Exercise details:
Copy exactly the lines of the data below, beginning with the line with "Iranians take part" and ending with the line with "Manchester United takımından". Pictures are to be omitted.

Provided records:

------------------------------------

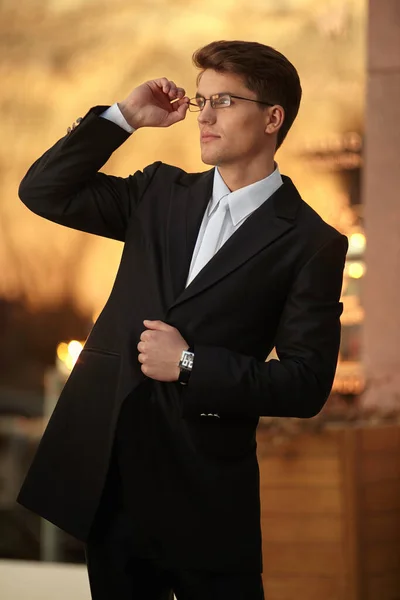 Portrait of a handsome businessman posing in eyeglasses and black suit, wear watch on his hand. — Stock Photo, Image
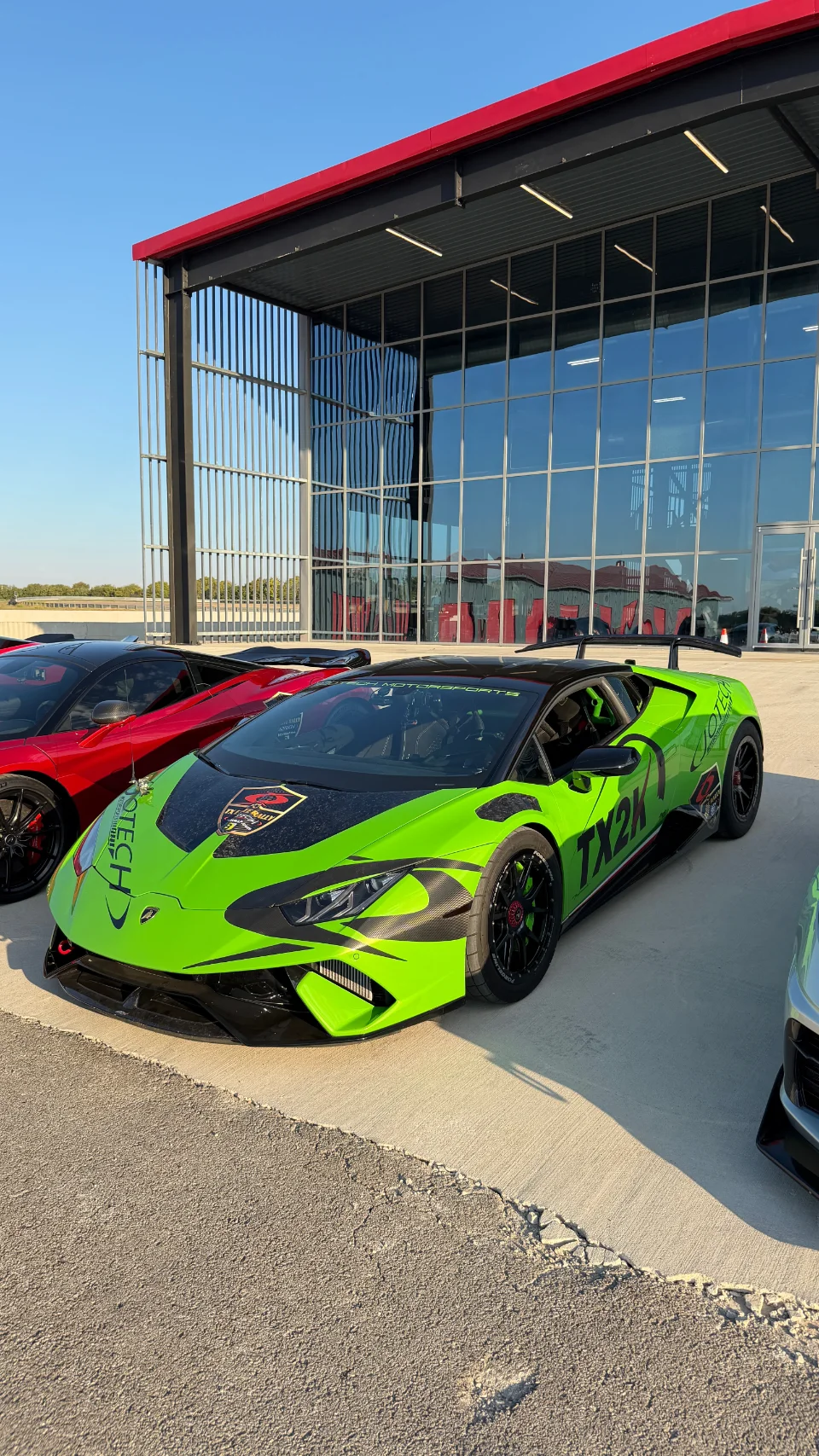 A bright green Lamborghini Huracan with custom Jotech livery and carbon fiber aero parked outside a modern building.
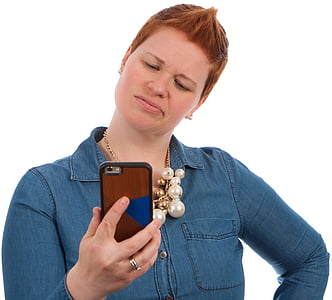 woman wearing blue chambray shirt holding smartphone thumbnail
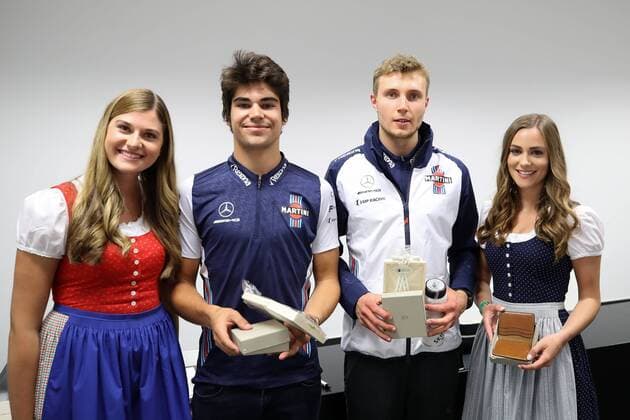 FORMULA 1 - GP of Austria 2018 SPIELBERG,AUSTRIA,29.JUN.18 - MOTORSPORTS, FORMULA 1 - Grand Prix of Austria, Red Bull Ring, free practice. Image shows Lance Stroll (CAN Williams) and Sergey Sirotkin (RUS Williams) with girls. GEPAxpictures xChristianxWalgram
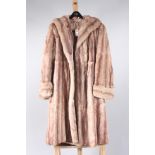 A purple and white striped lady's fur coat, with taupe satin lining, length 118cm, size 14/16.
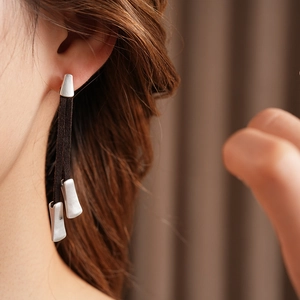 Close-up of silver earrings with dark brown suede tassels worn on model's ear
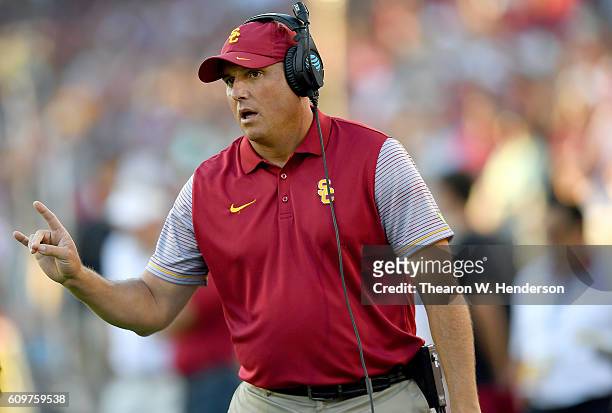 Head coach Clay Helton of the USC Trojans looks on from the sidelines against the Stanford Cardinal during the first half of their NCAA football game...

------------------------------------

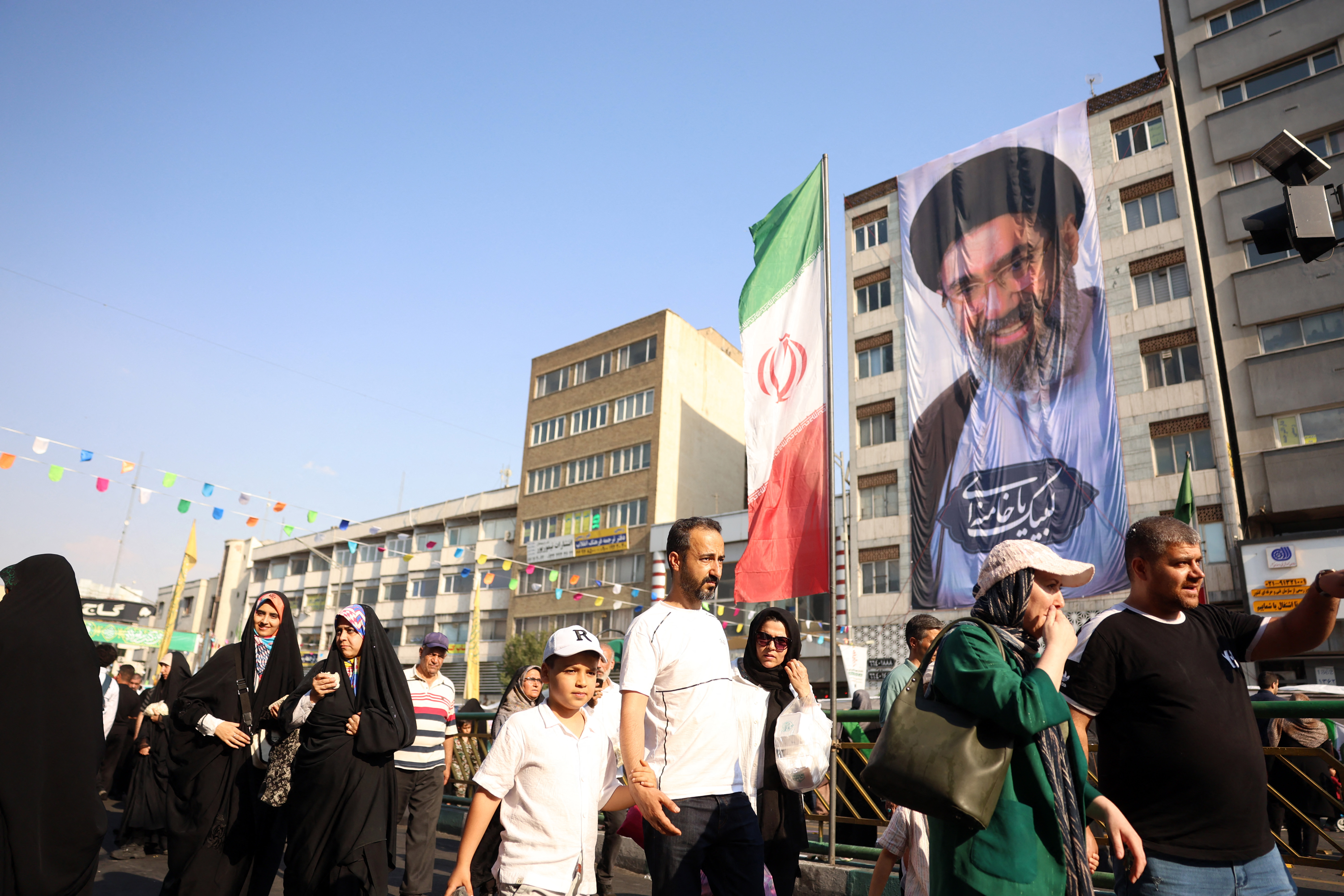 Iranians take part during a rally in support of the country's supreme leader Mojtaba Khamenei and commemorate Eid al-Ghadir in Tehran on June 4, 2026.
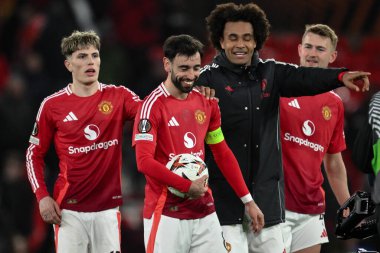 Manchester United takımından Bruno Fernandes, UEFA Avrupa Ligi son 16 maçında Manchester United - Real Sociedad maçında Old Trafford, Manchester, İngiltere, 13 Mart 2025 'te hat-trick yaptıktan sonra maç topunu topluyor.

------------------------------------

Answer section:
 Iranians take part during a rally in support of the country's supreme leader Mojtaba Khamenei and commemorate Eid al-Ghadir in Tehran on June 4, 2026.
 Manchester United takımından Bruno Fernandes, UEFA Avrupa Ligi son 16 maçında Manchester United - Real Sociedad maçında Old Trafford, Manchester, İngiltere, 13 Mart 2025 'te hat-trick yaptıktan sonra maç topunu topluyor.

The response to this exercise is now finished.